Bug 4296

Summary: Intermittent performance problem on large table
Product: WebKit Reporter: Samuel Allen <allen.sam>
Component: Layout and RenderingAssignee: Nobody <webkit-unassigned>
Status: RESOLVED WORKSFORME    
Severity: Normal CC: eric, ian, jchaffraix, rniwa
Priority: P2    
Version: 420+   
Hardware: Mac   
OS: OS X 10.4   
Attachments:
Description Flags
Test file none

Description Samuel Allen 2005-08-05 17:03:48 PDT
I have, on my hard disk, a large HTML file that contains a single table and a JavaScript timer. When you 
load this file, the JavaScript calculates the amount of time used in rendering the page.

Safari 412.2 that shipped with Tiger is extremely well-behaved on this page and reports consistently 
low scores. Its scores, in seconds, are 1.48, 1.49, 1.45, 1.44, and 1.44.

Earlier WebKits, from around the time the project went public, also scored consistently low (although 
not as low as Tiger's Safari). I think these were in the 1.55 or so level.

The latest WebKit builds, both built on my machine and downloaded from the nightly repository, are 
very erratic with the timings on this page. Many times when this page is loaded, the time in seconds will 
be as high as 3 or 4. The time seems to end up, after several reloads, at around 1.55. (The timings I 
collected were 3.84, 3.20, 1.57, 1.55, 1.57.)

There definitely seems to be a regression here, although I am unsure where. I haven't profiled the page 
load yet. These are all deployment builds. I can reproduce this problem reliably on my Mac.

I will try to attach the HTML file....
Comment 1 Samuel Allen 2005-08-05 17:04:47 PDT
Created attachment 3234 [details]
Test file
Comment 2 Samuel Allen 2005-08-05 17:07:54 PDT
This might only show the problem when you load the file from the hard disk directly.
Comment 3 Samuel Allen 2005-08-15 12:43:04 PDT
This occurs much less often in recent builds of WebKit, but after enough tries I can still reproduce the 4-
second load time.
Comment 4 Samuel Allen 2005-09-08 15:03:27 PDT
A couple notes: First, the performance problem is much less likely to occur now, although it does 
occasionally occur. Usually, the first load is as fast as subsequent loads. Second, the version of Safari 
shipped with Tiger also has this bug, and it occurs about as often as it does in the ToT.

So, the "regression" part of this bug seems to be fixed, but I won't close the bug completely because the 
first load of this page still sometimes is very slow.
Comment 5 Dave Hyatt 2006-09-17 00:42:51 PDT
Old Safaris with local files used to map them entirely into memory, lock up the UI, and then do one render.  This made the overall render time faster but the tradeoff was that nothing would show at all until the entire file was parsed.

Newer Safaris will do multiple layouts for large local files, showing you stuff really quickly and then streaming in content.  This means that the overall time will go up significantly, but the end result in most cases is that the UI is more responsive.

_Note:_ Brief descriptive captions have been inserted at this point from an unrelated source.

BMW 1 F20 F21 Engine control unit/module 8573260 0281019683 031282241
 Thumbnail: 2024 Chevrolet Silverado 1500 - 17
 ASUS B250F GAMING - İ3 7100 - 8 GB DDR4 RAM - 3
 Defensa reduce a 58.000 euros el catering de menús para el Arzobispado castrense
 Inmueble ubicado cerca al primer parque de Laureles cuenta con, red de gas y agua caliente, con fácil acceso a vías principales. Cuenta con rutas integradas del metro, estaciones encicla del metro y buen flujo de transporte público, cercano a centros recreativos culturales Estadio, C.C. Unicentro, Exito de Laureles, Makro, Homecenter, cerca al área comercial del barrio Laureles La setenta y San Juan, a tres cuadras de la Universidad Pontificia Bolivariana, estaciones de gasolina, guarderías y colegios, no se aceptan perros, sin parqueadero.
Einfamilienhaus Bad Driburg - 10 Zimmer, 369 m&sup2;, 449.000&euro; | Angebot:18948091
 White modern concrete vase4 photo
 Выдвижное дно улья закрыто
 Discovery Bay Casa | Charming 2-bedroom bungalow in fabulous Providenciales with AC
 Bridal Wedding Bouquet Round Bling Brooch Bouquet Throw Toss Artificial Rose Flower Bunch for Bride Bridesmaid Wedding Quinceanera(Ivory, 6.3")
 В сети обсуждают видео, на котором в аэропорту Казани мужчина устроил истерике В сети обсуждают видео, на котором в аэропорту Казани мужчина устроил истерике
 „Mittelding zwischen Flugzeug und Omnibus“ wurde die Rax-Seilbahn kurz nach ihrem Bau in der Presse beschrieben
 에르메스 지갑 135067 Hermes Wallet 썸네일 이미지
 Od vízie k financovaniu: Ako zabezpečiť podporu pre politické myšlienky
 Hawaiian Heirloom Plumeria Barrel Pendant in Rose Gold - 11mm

This could be a pathological case since it's a table, and we could be hitting performance bugs in incremental table rendering.
Comment 6 David Kilzer (:ddkilzer) 2007-08-10 06:24:57 PDT
See also Bug 14917.

Comment 7 David Kilzer (:ddkilzer) 2007-08-10 06:25:22 PDT
Reassigning back to webkit-unassigned.

Comment 8 Eric Seidel (no email) 2012-12-30 17:14:25 PST
Probably still worth profiling.  I don't see any intermittent problem.  Takes 5s to render on my retina MBP (using a slow connection to the interblags).
Comment 9 Eric Seidel (no email) 2012-12-30 17:15:32 PST
Should be trivial to just drop this file into PerformanceTests and run run-perf-tests --profile test.html.  If the sample looks reasonable than we should just close this bug.